After a lengthy discussion, the Ridgecrest City Council decided Wednesday to continue discussions of two proposed landscaping and lighting districts to a later meeting. A third lighting district item was pulled from the agenda prior to the meeting and it too will presumably be back at a future meeting also.

The topic was delayed in order to allow city staff time to work on solutions to what everyone agreed were problems with the current process for district formation. There was near-universal agreement that the current system for forming landscaping and lighting districts needs some work.

The idea was that city staff will come back with a plan to suggest council waive the requirement for forming the districts prior to property recordation in order to expedite development of local projects.

“The system's broke. That [municipal] code that you've got, that thing's broke. it doesn't work," said local business owner Rusty Warren. "You are trying to force feed it onto a handful of people and it's not going very well. It does need fixing.

It was a statement many people said they agreed with.

An old requirement, newly enforced

A landscaping and lighting district basically assesses a tax on property owners which is then used to provide landscaping and lighting for that area. According to City Engineer Loren Culp, the Ridgecrest City Council in 1987 adopted an ordinance that requires land divisions to be annexed and to form maintenance districts to cover the costs of lighting and landscaping; this must be done prior to recordation. Culp noted that council has the discretion to waive this requirement on an individual basis.

City staff reports that although this ordinance has been on the books for over 30 years, it has only been enforced recently. Other large areas of town — the Deeter tract for example — predate the ordinance. This causes the city to foot the bill for electric and landscaping according to Mayor Peggy Breeden. Culp said the city spends about a quarter million dollars a year on street lighting annually.

Districts require a vote to pass. According to Culp, if the district formation and annexation are unsuccessful costs would be the city's responsibility although maintenance costs would likely be less.

If the districts pass, assessments will be submitted to Kern County this August for fiscal year 2018-2019. It would be put on the tax rolls and the first revenues received in January 2019.

Problems and suggestions

Property owners hoping to develop spoke up with concerns.

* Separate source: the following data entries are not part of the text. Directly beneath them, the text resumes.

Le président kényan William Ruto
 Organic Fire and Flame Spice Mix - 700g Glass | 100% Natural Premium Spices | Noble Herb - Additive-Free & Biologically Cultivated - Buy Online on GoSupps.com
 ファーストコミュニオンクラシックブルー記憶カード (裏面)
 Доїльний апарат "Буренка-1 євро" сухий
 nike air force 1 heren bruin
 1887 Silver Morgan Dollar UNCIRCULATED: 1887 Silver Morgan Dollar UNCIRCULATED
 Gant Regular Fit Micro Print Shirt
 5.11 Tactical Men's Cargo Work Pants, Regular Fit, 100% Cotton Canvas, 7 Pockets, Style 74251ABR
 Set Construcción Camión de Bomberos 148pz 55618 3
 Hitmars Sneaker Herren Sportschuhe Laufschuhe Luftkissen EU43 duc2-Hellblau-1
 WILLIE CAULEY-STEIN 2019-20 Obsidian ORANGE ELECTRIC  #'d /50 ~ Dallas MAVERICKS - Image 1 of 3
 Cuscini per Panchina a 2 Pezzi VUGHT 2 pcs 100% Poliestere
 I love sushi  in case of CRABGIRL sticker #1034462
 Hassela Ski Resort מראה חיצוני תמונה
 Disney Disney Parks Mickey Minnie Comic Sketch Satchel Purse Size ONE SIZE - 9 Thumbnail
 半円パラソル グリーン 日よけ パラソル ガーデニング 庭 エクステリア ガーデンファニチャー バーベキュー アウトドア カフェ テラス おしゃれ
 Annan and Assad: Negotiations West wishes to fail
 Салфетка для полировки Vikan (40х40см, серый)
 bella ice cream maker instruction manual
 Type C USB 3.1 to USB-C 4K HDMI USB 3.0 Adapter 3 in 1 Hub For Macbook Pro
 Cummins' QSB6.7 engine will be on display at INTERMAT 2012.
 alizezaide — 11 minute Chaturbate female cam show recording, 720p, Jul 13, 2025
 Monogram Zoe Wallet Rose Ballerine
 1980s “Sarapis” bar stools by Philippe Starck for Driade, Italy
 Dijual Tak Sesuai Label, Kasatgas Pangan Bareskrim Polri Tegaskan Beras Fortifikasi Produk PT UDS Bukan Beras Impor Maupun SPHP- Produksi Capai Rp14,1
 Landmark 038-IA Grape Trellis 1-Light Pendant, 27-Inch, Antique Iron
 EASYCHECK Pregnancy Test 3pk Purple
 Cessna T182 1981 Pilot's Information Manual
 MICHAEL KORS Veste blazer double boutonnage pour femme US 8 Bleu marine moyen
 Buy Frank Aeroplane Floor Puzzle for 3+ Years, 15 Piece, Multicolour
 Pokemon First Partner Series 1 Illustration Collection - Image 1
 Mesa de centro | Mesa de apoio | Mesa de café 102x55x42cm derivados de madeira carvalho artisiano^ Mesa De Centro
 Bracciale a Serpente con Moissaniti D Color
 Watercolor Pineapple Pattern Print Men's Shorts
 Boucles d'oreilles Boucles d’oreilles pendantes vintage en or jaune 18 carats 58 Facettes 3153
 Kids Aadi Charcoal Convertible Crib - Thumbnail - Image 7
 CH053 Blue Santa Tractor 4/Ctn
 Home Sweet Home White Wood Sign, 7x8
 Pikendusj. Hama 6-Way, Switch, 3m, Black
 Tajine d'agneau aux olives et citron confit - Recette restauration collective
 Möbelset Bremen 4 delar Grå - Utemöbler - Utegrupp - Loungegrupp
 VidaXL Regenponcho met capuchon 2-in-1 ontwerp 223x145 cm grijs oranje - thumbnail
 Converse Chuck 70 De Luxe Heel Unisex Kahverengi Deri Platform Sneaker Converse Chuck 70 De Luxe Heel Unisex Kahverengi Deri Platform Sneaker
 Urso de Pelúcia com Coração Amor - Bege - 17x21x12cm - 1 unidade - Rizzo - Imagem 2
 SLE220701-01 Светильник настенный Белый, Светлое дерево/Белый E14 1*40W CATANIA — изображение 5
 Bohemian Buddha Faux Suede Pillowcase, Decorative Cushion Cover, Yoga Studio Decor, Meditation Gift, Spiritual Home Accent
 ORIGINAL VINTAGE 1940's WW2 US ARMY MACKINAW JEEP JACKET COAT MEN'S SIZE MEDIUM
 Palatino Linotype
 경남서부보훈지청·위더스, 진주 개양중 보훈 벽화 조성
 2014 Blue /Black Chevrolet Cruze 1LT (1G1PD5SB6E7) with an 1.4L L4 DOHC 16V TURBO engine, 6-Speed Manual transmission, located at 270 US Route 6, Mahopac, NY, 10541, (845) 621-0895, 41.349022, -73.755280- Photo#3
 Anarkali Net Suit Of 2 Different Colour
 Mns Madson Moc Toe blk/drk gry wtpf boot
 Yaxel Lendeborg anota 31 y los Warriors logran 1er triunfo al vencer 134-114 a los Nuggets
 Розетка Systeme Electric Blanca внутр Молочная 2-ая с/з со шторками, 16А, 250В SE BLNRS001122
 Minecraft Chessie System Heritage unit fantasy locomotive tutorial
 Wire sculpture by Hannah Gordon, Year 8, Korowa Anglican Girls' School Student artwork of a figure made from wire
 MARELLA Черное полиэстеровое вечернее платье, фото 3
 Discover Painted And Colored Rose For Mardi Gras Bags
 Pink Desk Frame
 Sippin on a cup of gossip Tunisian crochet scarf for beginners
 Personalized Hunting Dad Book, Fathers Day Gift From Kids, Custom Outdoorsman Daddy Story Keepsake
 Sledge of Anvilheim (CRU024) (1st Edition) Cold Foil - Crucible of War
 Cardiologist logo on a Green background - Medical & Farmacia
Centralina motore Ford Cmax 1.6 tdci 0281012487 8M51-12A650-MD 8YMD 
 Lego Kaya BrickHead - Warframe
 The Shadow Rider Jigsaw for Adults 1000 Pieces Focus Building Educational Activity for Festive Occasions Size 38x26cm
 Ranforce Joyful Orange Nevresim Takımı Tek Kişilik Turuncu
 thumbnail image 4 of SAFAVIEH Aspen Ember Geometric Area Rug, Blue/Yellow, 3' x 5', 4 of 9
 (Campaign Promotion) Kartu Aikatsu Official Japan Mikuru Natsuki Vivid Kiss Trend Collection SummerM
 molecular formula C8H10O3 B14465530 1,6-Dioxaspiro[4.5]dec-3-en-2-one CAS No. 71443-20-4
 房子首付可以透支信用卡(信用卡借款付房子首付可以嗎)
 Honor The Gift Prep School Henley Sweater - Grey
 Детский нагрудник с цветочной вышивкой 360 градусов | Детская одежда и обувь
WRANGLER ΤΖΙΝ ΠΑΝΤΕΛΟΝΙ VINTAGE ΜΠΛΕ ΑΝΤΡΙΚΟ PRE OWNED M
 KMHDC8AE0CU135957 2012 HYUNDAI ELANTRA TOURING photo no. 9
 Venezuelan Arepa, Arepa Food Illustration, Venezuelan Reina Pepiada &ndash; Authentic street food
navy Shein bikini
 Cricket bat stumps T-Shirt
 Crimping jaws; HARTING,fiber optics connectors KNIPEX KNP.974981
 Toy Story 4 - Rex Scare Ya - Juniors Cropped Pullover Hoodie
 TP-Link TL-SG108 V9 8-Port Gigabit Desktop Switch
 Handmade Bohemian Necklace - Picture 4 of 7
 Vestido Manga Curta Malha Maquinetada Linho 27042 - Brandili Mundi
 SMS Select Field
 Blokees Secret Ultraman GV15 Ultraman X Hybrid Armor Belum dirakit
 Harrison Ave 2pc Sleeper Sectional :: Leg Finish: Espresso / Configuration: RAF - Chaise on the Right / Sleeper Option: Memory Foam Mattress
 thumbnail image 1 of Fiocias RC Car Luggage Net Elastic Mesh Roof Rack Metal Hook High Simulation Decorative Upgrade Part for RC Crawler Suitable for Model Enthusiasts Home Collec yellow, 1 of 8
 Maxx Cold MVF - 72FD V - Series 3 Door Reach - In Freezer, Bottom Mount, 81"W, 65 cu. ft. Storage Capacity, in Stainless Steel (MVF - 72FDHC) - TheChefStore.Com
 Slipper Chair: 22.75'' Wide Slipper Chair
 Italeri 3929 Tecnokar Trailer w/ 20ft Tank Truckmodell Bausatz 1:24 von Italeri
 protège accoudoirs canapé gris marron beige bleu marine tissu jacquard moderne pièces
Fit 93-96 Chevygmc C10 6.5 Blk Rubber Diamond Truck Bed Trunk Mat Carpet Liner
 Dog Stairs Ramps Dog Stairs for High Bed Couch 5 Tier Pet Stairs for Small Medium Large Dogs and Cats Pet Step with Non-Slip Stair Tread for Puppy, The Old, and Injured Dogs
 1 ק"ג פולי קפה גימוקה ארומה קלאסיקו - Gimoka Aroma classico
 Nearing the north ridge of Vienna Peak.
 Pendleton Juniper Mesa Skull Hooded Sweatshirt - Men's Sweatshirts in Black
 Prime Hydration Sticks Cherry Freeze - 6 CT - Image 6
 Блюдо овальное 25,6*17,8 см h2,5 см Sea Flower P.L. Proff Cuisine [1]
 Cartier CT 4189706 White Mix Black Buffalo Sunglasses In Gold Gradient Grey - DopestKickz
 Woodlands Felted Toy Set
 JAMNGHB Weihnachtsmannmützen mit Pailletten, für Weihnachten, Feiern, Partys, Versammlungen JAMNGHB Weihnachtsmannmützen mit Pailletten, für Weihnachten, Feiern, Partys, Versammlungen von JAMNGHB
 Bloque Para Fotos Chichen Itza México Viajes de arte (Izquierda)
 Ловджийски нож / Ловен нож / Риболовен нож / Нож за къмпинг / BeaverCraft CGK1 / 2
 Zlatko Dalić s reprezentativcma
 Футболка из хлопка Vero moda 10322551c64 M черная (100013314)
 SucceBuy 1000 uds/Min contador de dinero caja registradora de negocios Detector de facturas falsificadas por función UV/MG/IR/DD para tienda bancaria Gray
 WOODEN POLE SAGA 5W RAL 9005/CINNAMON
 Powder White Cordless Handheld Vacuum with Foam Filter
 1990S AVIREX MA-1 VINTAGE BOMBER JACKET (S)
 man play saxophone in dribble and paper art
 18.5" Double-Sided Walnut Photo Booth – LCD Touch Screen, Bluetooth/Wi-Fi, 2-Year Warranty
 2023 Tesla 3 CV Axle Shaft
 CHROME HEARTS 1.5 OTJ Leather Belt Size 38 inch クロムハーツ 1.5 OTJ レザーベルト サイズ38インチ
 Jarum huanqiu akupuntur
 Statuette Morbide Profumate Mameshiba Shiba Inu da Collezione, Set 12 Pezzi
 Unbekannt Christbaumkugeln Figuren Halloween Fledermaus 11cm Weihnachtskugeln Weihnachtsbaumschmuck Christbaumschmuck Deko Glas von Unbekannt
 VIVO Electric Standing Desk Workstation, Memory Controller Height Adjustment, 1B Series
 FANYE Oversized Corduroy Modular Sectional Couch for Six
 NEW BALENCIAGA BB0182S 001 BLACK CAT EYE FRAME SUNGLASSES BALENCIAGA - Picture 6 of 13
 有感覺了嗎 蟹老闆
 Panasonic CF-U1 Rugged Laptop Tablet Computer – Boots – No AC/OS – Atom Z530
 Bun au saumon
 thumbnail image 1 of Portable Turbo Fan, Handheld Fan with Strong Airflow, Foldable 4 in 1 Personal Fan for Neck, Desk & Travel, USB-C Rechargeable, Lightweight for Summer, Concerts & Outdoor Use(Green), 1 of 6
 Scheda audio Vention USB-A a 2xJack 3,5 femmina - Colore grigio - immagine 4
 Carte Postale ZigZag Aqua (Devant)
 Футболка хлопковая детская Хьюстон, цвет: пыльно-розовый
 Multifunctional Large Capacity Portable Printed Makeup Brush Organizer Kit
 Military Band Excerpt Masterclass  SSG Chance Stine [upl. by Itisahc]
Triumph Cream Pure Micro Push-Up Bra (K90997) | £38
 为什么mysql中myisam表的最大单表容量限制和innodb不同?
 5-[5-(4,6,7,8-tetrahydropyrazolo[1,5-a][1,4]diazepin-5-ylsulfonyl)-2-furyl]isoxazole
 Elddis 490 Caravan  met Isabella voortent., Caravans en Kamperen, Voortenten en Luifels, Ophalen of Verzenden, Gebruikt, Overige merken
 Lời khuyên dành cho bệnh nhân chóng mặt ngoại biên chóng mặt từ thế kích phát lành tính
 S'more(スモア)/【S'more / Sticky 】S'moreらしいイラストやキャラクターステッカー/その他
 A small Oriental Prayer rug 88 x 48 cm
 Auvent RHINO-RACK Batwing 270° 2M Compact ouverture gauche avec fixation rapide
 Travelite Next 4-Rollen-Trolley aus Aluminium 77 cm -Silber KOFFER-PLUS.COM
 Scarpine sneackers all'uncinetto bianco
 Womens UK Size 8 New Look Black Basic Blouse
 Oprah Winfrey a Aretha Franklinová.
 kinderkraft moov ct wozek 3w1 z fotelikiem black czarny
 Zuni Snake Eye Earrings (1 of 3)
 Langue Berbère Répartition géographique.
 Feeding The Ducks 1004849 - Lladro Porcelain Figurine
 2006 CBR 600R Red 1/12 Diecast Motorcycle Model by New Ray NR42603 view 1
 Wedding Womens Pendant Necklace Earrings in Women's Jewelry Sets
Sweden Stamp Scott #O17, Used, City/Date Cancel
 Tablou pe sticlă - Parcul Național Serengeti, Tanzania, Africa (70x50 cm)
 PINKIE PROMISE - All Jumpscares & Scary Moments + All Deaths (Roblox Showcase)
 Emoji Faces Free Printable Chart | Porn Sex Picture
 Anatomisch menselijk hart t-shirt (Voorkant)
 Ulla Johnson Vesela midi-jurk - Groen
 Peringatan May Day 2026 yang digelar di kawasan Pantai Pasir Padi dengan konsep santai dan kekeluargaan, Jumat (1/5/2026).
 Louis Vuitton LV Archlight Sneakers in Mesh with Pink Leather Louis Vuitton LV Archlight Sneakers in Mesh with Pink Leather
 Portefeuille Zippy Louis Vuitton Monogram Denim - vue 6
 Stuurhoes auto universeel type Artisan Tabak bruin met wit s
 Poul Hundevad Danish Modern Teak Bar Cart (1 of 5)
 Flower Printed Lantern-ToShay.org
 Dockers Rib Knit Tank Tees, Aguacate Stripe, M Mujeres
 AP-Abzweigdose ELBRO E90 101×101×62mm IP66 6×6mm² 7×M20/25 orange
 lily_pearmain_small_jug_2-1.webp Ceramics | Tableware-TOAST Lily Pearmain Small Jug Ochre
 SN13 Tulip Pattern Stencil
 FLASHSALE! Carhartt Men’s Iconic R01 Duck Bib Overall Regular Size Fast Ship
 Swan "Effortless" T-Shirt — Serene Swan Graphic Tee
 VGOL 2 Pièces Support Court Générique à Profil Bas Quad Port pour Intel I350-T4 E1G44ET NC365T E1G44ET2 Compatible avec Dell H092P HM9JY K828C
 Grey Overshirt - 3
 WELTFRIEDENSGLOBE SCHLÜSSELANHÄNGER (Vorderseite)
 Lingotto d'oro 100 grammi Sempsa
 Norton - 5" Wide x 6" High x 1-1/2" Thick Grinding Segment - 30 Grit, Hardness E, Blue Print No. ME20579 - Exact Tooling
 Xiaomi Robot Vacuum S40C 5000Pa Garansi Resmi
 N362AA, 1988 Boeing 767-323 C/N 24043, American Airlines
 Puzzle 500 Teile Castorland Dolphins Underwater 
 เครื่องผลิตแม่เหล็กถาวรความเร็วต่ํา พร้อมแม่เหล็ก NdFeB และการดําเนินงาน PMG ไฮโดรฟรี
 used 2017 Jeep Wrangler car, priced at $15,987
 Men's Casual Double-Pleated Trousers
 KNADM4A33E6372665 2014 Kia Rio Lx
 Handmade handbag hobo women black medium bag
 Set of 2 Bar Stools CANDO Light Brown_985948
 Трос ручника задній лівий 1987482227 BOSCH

“I am all for the city not footing the bill on everything,” Warren said. “But we've got to fix the system before we start handing it over to everybody.”

Tammy Rowland from IWV Construction noted that the development is ready to move quickly and does not want the lighting and landscaping district to be a holdup. As many pointed out, this is obviously even more important given the influx of new workers expected for the base this summer who will require housing.

“We cannot move forward with recording a tract map until lighting and landscaping district is completed,” she said. “Once that tract map is recorded, we now have 40 lots that are ready to build on. The holdup of this is we can't move forward.” Note: this item was pulled, but Rowland spoke as a member of the public anyway.

Mayor Peggy Breeden and Public Works Manager Bard Lower both suggested the idea of making the entire city a lighting and landscaping district. Lower said the other roughly four districts could likely be incorporated into the overall new one.

Many people seemed to think this was a good idea.

“If we had a large district for the entire city it would certainly cut the overhead,” Lower said.

Councilwoman Lindsey Stephens suggested taking a look at the process by which streetlights are installed and then signed over to Southern California Edison. She said that the city buying back the lights might be a significant cost-saver.

Councilman Wallace Martin agreed.

Stan Rajtora spoke up in support of the idea of further investigation into this plan.

“It's not just a buy-back issue,” Rajtora said. “It's transitioning from one strain of thought to another strain of thought trying to save the public some money. We are setting a precedent when we start doing this. I would like to see if we set a precedent that we start doing it with some affordable solution.”

The majority of the discussion took place on an item regarding a lighting and landscaping district for property located to the east of North Inyo street, adjoining West Drummond and to the west of Downs Street. Willdan Financial Services is advising the city on forming the districts.

In the end, council voted unanimously to bring all three lighting and landscaping districts back for further discussion at an upcoming meeting. The vote was unanimous. Vice Mayor Michael Mower was absent.